Zimbabwe's food security situation is set to worsen as it emerged this week that the country's meagre 2016 maize grain harvest would last three months.
The development comes as government's emergency food relief programme was dealt a major blow after the World Food Programme (WFP) said it faced a US$200 million funding deficit for the country.
This would make it doubly difficult for the organisation to meet the country's food and humanitarian needs until March 2017.
In its latest report released this week, WFP, Zimbabwe's major food aid partner, said: "Increased rains in March-April have marginally improved harvests in some districts, but overall crop situation remains bleak, and food insecurity is anticipated to spike as from July in all districts, as available stocks deplete... WFP anticipates that 2015-16 maize production won't cover more than three months of domestic consumption requirements (of annual 1,8 million tonnes)."
WFP also indicated that despite water availability and pasture conditions having improved following the late rains, cattle deaths were likely to continue.
With the country having already lost an estimated 25 000 cattle between October 2015 and March 2016, "half of all herds face poor body and health conditions", said WFP.
WFP had put in place a 2016/2017 El Nino Response Plan, which is valued at US$229 million, for the next 12 months; it commenced last month and is targeting 2,8 million people in need of humanitarian assistance.
Currently, available resources are only adequate for the 2015/16 lean season assistance in 13 of 20 districts.
"With this contribution and available resources to date, WFP will be able to continue providing assistance for another six months in 13 of the 20 districts that were supported in March under the 2015/16 lean season assistance programme.
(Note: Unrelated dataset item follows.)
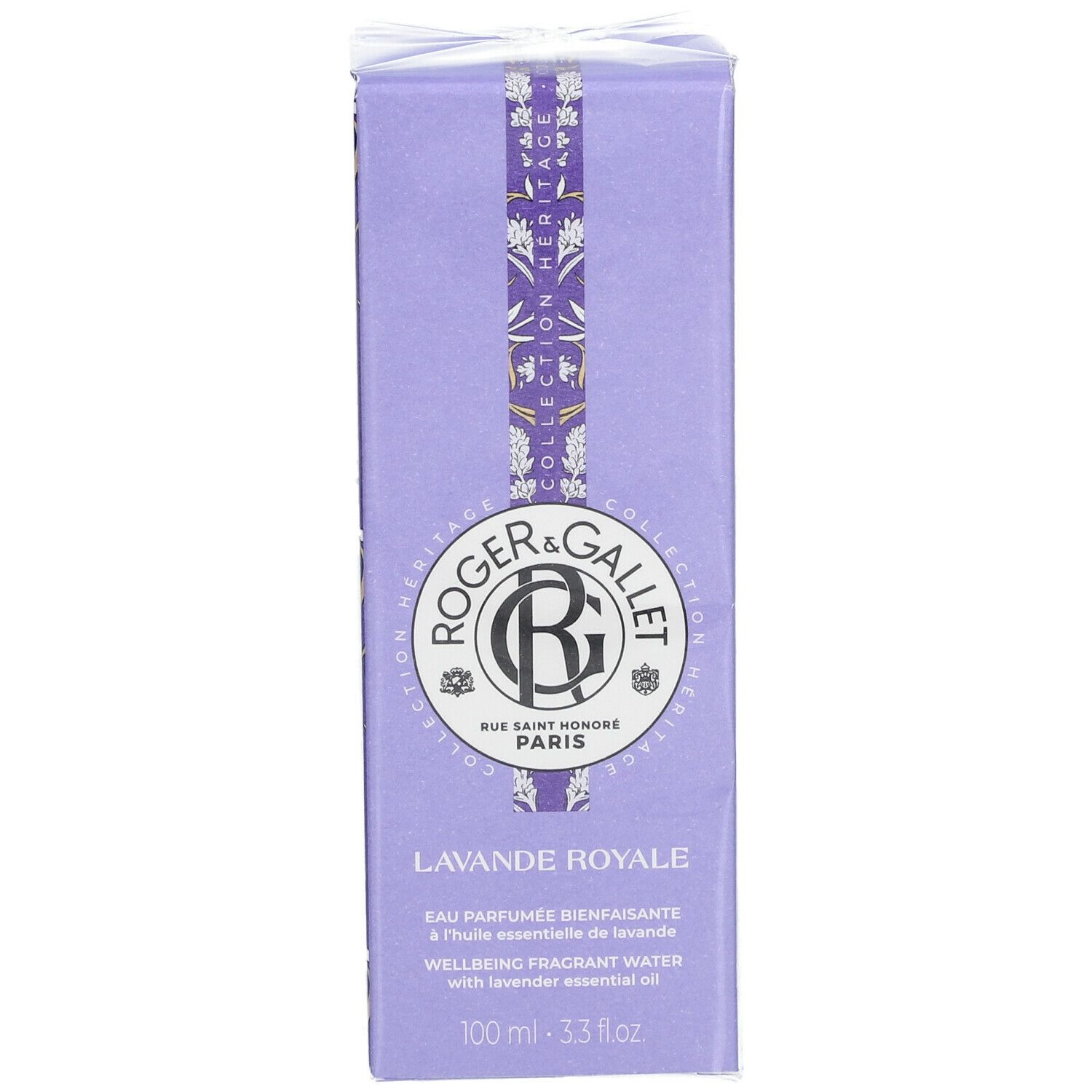 Roger & Gallet Eau Parfumée Bienfaisante LAVANDE ROYALE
Additional resources are urgently needed to allow WFP to extend the programme in the remaining seven districts beyond March and to reach its full planned coverage of 719 000 people in 20 districts in April.
"Over the next six months (April-September), WFP urgently requires US$28,6 million to be able to achieve its planned scale-up to 856 000 people by September, without which 407 700 people would be facing food insecurity in the worst affected districts," WFP said. This means more than 400 000 people who currently have no food face starvation.
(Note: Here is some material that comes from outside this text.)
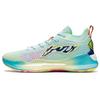 Баскетбольные кроссовки Li Ning YuShuai 13 Boom Мужские Низкие Волна Воды Зеленые ABAQ013-17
An El Nino-induced drought aggravated Zimbabwe's already precarious food security situation after erratic rainfall and long dry spells contributed to large scale crop failure and livestock deaths across the country.
Although the present farming season's drought was the worst ever, Zimbabwe has been struggling to properly feed itself for the past 20 years.
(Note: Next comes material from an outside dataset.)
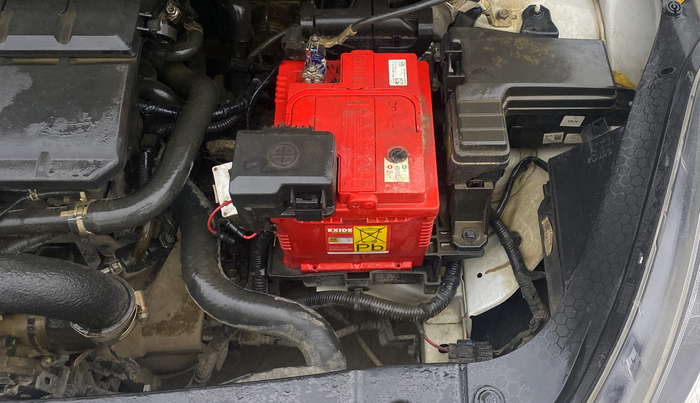 2020 Hyundai AURA SX+ 1.0 TURBO GDI MT, Petrol, Manual, 60,210 km, Engine View - Left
WFP describes the southern African nation as a "low-income, food deficit country ranked at 156 out of 187 on the 2014 UNDP Human Development Index".
"Currently, 72 percent of the population live below the national poverty line (living on less than US$1,25 per day).
"Thirty percent of the rural poor are considered to be 'food poor', or 'extremely poor'.
"Food and nutrition security remain fragile and subject to natural and economic shocks in Zimbabwe, chronic under nutrition remains relatively high, despite some improvements. Dietary diversity is generally poor and consumption of protein is insufficient. Only 11 percent of Zimbabwean children 6-23 months receive a minimum acceptable diet. One-third of Zimbabwe's children are stunted or short for their age," WFP noted.
Zimbabwe, which was once the breadbasket of the southern African region, quickly turned into a basket case after the controversial 2000 land reform programme as yields declined spectacularly from as high as 1,5 tonnes per hectare to 0,480 tonnes per hectare.
Zambia has taken over as the region's breadbasket; Zambia's crop forecasting survey revealed that the country would record an increased maize harvest of 2,8 million tonnes, from 2,6 million tonnes last year.
With a carryover stock amounting to 667 524 tonnes as at May 1, 2016, Zambia has a total of 3,5 million tonnes of maize in stock.
Despite keeping the results of its crop assessment report largely secretive, indications are that Zimbabwe's maize production this season would be less than 60 percent of the five-year average of 800 000 tonnes.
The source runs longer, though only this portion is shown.